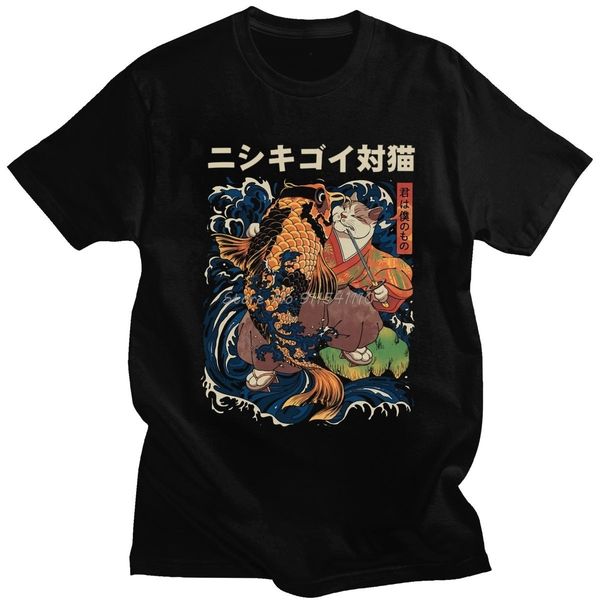 men's t shirts vintage the cat and koi t shirt men short sleeved pure cotton streetwear t shirt graphic tshirt japanese samurai tee 23, White;black
men's t shirts vintage the cat and koi t shirt men short sleeved pure cotton streetwear t shirt graphic tshirt japanese samurai tee 23, White;black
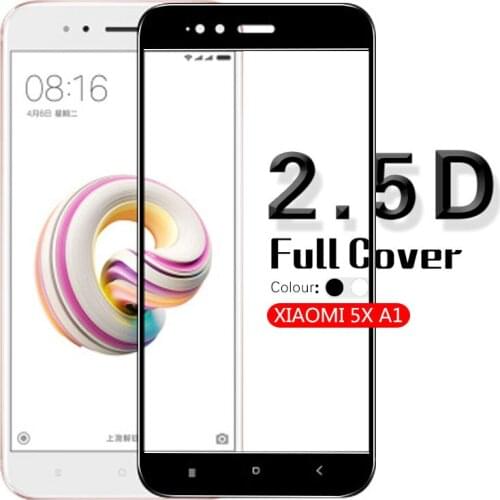 Colorful Full Coverage Tempered Glass For Xiaomi 5X A1 Screen Protector Film Glass Clear Front Cover Guard Sheild + Cloth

Aim of the exercise
What this calls for is a word-for-word copy of the listing above, pictures excluded.

Task answer
 men's t shirts vintage the cat and koi t shirt men short sleeved pure cotton streetwear t shirt graphic tshirt japanese samurai tee 23, White;black
men's t shirts vintage the cat and koi t shirt men short sleeved pure cotton streetwear t shirt graphic tshirt japanese samurai tee 23, White;black
 Colorful Full Coverage Tempered Glass For Xiaomi 5X A1 Screen Protector Film Glass Clear Front Cover Guard Sheild + Cloth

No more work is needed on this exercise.